• Exercise:
Print nothing but the lines below starting at the line that holds "I Support Full Facial Nudity Men's Apparel" and ending at the line that holds "iPhone 13 Pro", including both, each exactly as written.

◆ ◆ ◆ ◆ ◆ ◆ ◆

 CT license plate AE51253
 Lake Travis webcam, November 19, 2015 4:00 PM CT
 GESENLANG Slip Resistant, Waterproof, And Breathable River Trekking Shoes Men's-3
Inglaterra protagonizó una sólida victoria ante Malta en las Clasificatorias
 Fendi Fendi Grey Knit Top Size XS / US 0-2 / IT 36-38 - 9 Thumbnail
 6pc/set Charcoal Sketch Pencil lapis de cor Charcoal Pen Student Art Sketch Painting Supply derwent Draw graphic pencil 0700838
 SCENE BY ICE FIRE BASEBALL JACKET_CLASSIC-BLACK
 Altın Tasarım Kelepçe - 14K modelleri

◆ ◆ ◆ ◆ ◆ ◆ ◆

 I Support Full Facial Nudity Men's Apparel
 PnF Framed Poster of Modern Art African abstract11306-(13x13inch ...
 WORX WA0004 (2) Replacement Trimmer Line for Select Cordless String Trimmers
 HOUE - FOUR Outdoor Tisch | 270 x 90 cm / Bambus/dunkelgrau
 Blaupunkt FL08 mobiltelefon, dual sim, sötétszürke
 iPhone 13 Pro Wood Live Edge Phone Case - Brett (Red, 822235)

◆ ◆ ◆ ◆ ◆ ◆ ◆

• Answer section:
 I Support Full Facial Nudity Men's Apparel
 PnF Framed Poster of Modern Art African abstract11306-(13x13inch ...
 WORX WA0004 (2) Replacement Trimmer Line for Select Cordless String Trimmers
 HOUE - FOUR Outdoor Tisch | 270 x 90 cm / Bambus/dunkelgrau
 Blaupunkt FL08 mobiltelefon, dual sim, sötétszürke
 iPhone 13 Pro Wood Live Edge Phone Case - Brett (Red, 822235)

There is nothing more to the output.